Am 25. November ertranken mindestens 27 Schutzsuchende beim Versuch, den Ärmelkanal von Frankreich nach Großbritannien zu überqueren. Seitdem werden Kajal Hussein (45), Tochter Hadia (22), Sohn Mobin (16) und Tochter Hesty (7) vermisst. Sie waren vor vier Monaten aus Südkurdistan aufgebrochen und gelangten über die Türkei, Griechenland und schließlich über den Seeweg nach Italien. Dort lebten sie drei Wochen in einem Lager. Anschließend gingen sie nach Nordfrankreich und waren dort ebenfalls in einem Lager untergebracht. Der Familienvater Rizgar Hussein war in Südkurdistan geblieben und telefonierte täglich mit seinen Angehörigen
Sie versuchten dreimal den Ärmelkanal erfolglos zu überqueren. Beim ersten Mal wurden sie von der französischen Polizei gestellt, beim zweiten Versuch ging dem Boot der Treibstoff aus und sie mussten umkehren, beim dritten Mal war der Motor des Boots kaputt und sie wurden von der Polizei zurückgeschleppt.
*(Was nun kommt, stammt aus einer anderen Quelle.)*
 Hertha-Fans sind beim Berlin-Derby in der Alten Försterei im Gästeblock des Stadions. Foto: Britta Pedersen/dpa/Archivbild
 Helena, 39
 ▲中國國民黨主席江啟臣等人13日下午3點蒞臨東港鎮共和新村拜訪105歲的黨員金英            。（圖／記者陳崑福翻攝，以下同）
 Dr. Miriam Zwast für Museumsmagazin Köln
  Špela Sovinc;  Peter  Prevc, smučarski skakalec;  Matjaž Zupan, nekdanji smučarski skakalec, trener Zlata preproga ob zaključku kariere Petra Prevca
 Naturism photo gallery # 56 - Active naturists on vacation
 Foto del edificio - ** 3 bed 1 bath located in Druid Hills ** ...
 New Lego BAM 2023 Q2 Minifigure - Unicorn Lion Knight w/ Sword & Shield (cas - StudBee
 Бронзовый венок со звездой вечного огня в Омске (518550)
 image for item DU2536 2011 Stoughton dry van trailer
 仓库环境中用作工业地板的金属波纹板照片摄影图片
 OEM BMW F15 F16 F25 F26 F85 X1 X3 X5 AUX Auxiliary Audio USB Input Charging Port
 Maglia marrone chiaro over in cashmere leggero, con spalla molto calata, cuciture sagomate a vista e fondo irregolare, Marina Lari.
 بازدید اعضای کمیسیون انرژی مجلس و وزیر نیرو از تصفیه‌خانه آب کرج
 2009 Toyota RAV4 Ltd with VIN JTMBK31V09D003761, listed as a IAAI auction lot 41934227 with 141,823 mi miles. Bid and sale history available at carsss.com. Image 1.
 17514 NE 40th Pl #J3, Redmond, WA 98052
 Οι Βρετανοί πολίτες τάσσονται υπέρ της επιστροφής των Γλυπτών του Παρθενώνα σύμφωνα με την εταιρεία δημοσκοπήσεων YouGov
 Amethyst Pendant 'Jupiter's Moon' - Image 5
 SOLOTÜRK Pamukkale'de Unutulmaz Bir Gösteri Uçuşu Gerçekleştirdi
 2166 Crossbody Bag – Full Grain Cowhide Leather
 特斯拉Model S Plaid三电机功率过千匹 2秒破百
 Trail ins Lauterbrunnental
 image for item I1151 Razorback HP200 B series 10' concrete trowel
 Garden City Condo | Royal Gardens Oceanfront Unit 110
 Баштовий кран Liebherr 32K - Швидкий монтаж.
Kurz vor dem Unglück hatte Rizgar Hussein das letzte Mal mit seiner Tochter Hadia telefoniert. Wie er gegenüber der BBC berichtet, rief sie ihn aus Nordfrankreich an, um ihm zu sagen, dass sie mit der Mutter, der Schwester und dem Bruder ein Boot besteigen würde. Der Vater erinnert sich: „Sie sagte: ‚Papa, in fünf Minuten fahren wir los, jetzt steigen alle ins Boot‘. Ich sagte: ‚Okay, sei vorsichtig.‘“
„Ich will nur wissen, ob sie tot sind“
Seitdem hörte er nichts mehr von seiner Familie. Am folgenden Tag erfuhr er aus den Nachrichten vom Tod von 27 Menschen beim Versuch, nach Großbritannien zu gelangen. „Ich warte jetzt auf jede Nachricht, egal von wem. Ich will nur wissen, ob sie noch leben oder schon tot sind. Ich kann nichts tun, ich kann weder essen noch schlafen ... Ich fange an, mich verrückt zu fühlen. Niemand kann mich trösten“, erklärt er.
Damit ist er einer von vielen kurdischen Familien, die befürchten, dass ihre Angehörigen unter den Toten sind. Maryam Nuri Mohamed Amin, eine 24-Jährige aus Südkurdistan, ist bisher die einzige Person, deren Identität als Opfer der Havarie bestätigt wurde.
„Niemandem geht es gut hier“
Rizgar Hussein selbst ist Polizist und fürchtete seine Arbeit zu verlieren, wenn er das Land verlasse. Daher blieb er in Südkurdistan, damit die Familie ein Auskommen hat. Der Rest der Familie bestand darauf, nach Großbritannien aufzubrechen. Hussein wollte nachkommen, wenn sie Großbritannien erreicht hätten. „Jeder möchte ein gutes, ruhiges und friedliches Leben führen. Hier können Sie irgendjemanden zwischen sieben und 80 Jahren fragen und sie werden erfahren, niemand fühlt sich gut. Wenn die Situation gut wäre, würden die Menschen nicht gehen. Wer will schon so gehen? Niemand“, so Hussein.